After a few phone calls and some moments of despair and helplessness with the help of our travel agency we managed to change our flight plan and as the lacking information about the visa was partly their fault, they made the changes for free and booked for us a night in a hotel because we had lost our booking in Shanghai. Everything turned out quite right after all, and after a moderately long 20-hour session of travelling, we made it to Mong Kok, Kowloon, Hong Kong.
Because of troubles with obtaining the visa, we were forced into spending the weekend in Hong Kong. Technically, it turned out to be a happy accident because we managed to get a resort that was originally on the flight plan only as a transit airport.
The hectic city life of Kowloon made an impact on us and the masses of people tramping the streets were a sight for sore eyes. The tiny boutiques, the little restaurants and the puny people. I feel like a giant here, to be honest, with my head above the mass of dark-haired heads. The glowing street signs being the manifestation of the rush of city, we guided ourselves throughout the maze of lanes and streets to a building crammed full of hostels and found our own. The prices were relatively high, considering the prices in Shanghai, but it's not like we had too many options.
Eating with sticks was never my forté but I think I've done a decent job – haven't asked for a fork even once. The local kitchen is somewhat one-sided, even though there are hundreds, thousands of different dishes. It's just that the majority of them are pork, and when you see a butchered pig on a table, ready to be cleaved into pieces, it really does wonders to your appetite.
The local markets were of great interest to Maria, and how it made me smile when she grabbed my camera and started photographing everything from fruits to towels to flowers. We also visited the famous Yuen Po Street Bird Garden with a vast variety of birds in cages – a whopping 3000 cages to choose a bird from. We picked none.

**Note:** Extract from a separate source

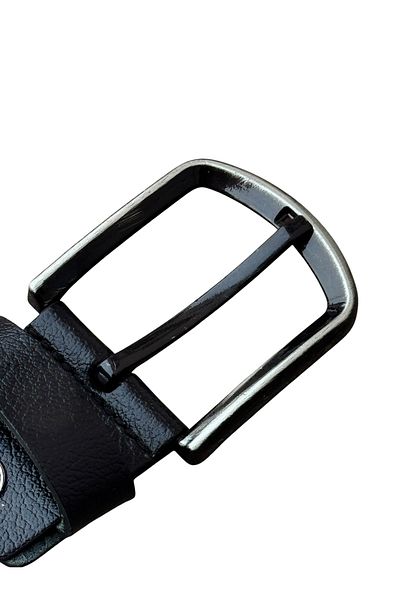 Süzer Deri 4 Cm. Replacement Belt Buckle with Screws Genuine Leather Black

With my recent (accidental) culinary experience of pig intestine, I think we're ready for Shanghai. Maria is currently packing the remnants of her travelling gear into her backpack and I can't help but to wonder how two people can travel so lightly after knowing each other only for a year. I guess some things were just meant to happen, like our unexpected excursion into the city of the nine dragons, Kowloon.